Apply these lenses to each change to surface risks that static reading alone would miss:

  • Boundary values: What happens at 0, 1, max, max+1? Empty collections, empty strings, negative numbers.
  • State transitions: Can the system reach an invalid state? Are transitions atomic? What if interrupted mid-transition?
  • Concurrency: Shared mutable state? Time-of-check-to-time-of-use? Ordering assumptions?
  • Dependency failure: What if an external call fails, times out, or returns unexpected data?
  • Data volume: Does this work with 0 items? 1 item? 10 million items?

Test Adequacy Analysis

Consume the test coverage inventory from Step 2 and apply these rules:

  • New function + no tests → P1 (Untested new behavior)
  • Modified function + no tests + contract change (signature, return type, side effects) → P2 (Test coverage gap)
  • Modified function + tests exist but new behavior/edge case untested → P2 (Test coverage gap)
  • Adequately tested → no finding

Caller Cross-Reference

Before reporting any finding, verify it against the core directive: suppress findings already guarded by callers. If a caller validates input before passing it to the changed function, or catches and handles the error you identified, suppress that finding.

Evidence Standard

Every finding MUST include:

  1. Exact location: file_path:line_number
  2. Failure mechanism: How the bug manifests (concrete scenario, not hypothetical hand-waving)
  3. Evidence from code: Quote the specific line(s) that demonstrate the issue

Report only findings that satisfy all three. Vague warnings without evidence erode trust.

Step 4: Synthesize Verdict

Input: findings from Step 3. Output: three-part deliverable.

Part 1: Verdict

Choose exactly one:

Verdict Condition
APPROVE Zero P0–P1 findings, at most minor P2–P4 observations
CAUTION One or more P1–P2 findings, no P0
REQUEST CHANGES One or more P0 findings

Display the verdict prominently at the top of the output.

If the verdict is CAUTION, add a merge-safety sub-line: > Merge safety: **merge-safe** — can be addressed as follow-up or > Merge safety: **needs-rework** — fix before merging.
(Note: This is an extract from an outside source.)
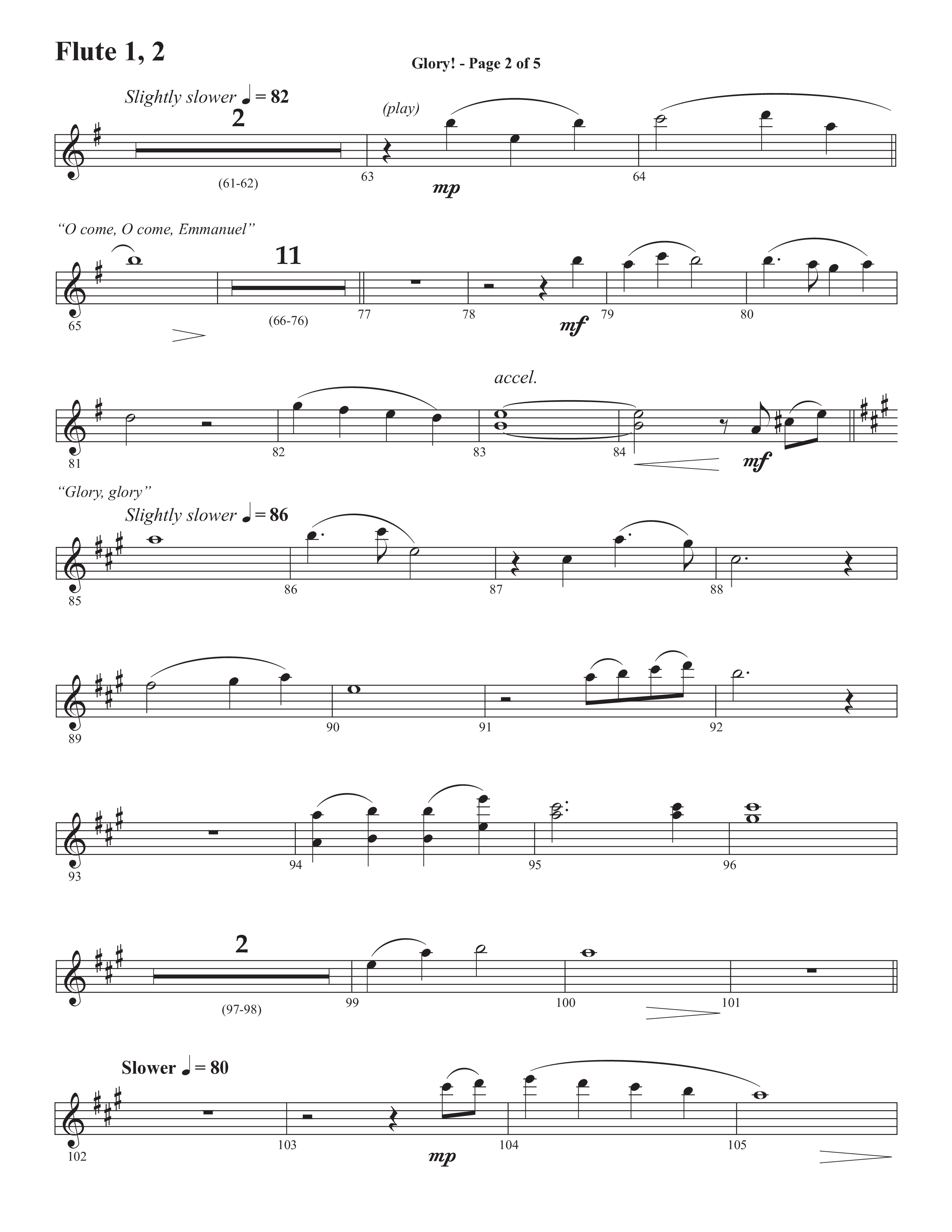 Glory: A Christmas Worship Experience (Choral Anthem SATB) Flute 1/2 (Semsen Music / Arr. John Bolin / Orch. Cliff Duren)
Criteria: only test coverage findings → merge-safe; any correctness or security P1 → needs-rework.

Part 2: Findings Table

If findings exist, present each one in this format:

### [P{n}] {one-line summary}

- **File:** `file_path:line_number`
- **Severity:** P{n} — {category}
- **Confidence:** {High | Medium} — High = caller verified + concrete reproduction scenario, Medium = depends on runtime conditions
- **Problem:** {failure mechanism description}
- **Evidence:**

{relevant code quote}

- **Suggested fix:** {concrete fix direction}
- **Impact scope:** {affected callers or features}

Order findings by priority (P0 first), then by file path.

Part 3: Risk Scenarios

List 3–5 exploratory risk scenarios — situations that are not confirmed bugs but warrant manual testing or monitoring. Each scenario follows this format:

- **Scenario:** {concrete situation description}
- **Related change:** `file_path:line_number`
- **Exploration method:** {specific test approach to verify this risk}

These scenarios come from the exploratory testing heuristics in Step 3 — cases where the code is not provably wrong but the risk profile warrants attention.

Verification Checklist

Before delivering your review, verify:

  1. Every finding includes exact location, failure mechanism, and code evidence (Evidence Standard).
  2. Every finding has been cross-referenced against callers to confirm it is not already guarded (Caller Cross-Reference).
  3. The verdict matches the highest-priority finding reported (Verdict table).
  4. Test coverage findings are based on the Step 2 inventory, not assumptions.
  5. No finding relies solely on generic function name grep results to determine impact scope.